Este Thenardier, se devemos dar-lhe crédito, tinha sido soldado; sargento, dizia ele; fizera provavelmente a campanha de 1815 e até, ao que parece, se tinha portado com bravura. Mais tarde veremos o que ele era realmente. A tabuleta da estalagem continha uma alusão a um dos seus feitos de armas. Pintara-a ele mesmo, porque aquele homem sabia um pouco de tudo, mas mal.
Era na época em que o antigo romance clássico que depois de ter sido Clelia já não era senão Lodoiska, sempre nobre, mas cada vez mais vulgar, que descera de Mademoiselle de Scudéry para Madame Barthélemy-Hadot, e de Madame de Lafayette para Madame Bournon-Malarme, incendiava a alma ardente das porteiras de Paris e levava mesmo a sua devastação a alguns pontos dos arrabaldes.
A senhora Thenardier era justamente de inteligência suficiente para ler esta espécie de livros.
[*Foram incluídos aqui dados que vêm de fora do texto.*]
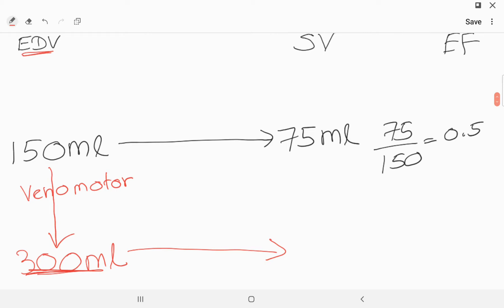With the stretch of the ventricle, the initial length of the muscle fibers will increase, and when systole comes it will pump more blood. Think about an elastic band or a rubber band — if we stretch it more and more and release it, it will recoil fast. Similarly, if the cardiac muscle fiber length is increased by the stretch from the volume entering the ventricle, it will increase the amount of blood pumped by the ventricle.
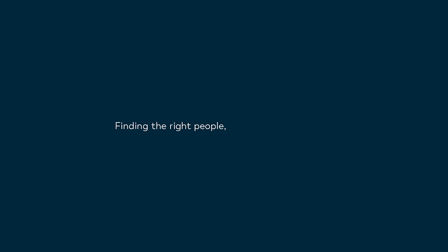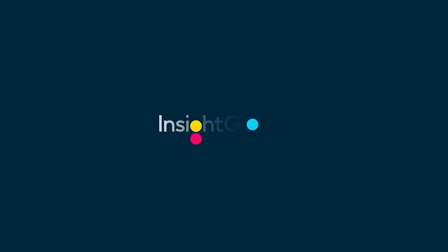Finding the right people takes the right people. We make hiring easy.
Nutria-se com a sua leitura, afogava ali todo o seu entendimento, e isto havia-lhe dado, enquanto foi rapariga e mesmo ainda alguma coisa depois, uma espécie de atitude pensativa, ao pé de seu marido, velhaco dotado de certa profundidade, rufião quase entendido em gramática, grosseiro e fino ao mesmo tempo, mas, pelo que respeita a sentimentalismo, ledor de Pigault-Lebrun, e «em tudo o que toca ao sexo», como ele dizia , na sua linguagem habitual, parvo rematado e sem mescla. A mulher tinha uns doze ou quinze anos menos do que ele. Mais tarde, quando os cabelos romanticamente soltos, começaram a embranquecer, quando a megera se desligou da Pamela, a senhora Thenardier não passou de uma gorda e má mulher, que saboreava romances estúpidos. Ora, ninguém lê imbecilidades impunemente; resultando daqui que a filha mais velha foi mimoseada com o nome de Eponine, enquanto a mais nova esteve a ponto de se chamar Gulnare; deveu, porém, a não sei que feliz diversão, causada por um romance de Ducray-Duminil, chamar-se apenas Azelma.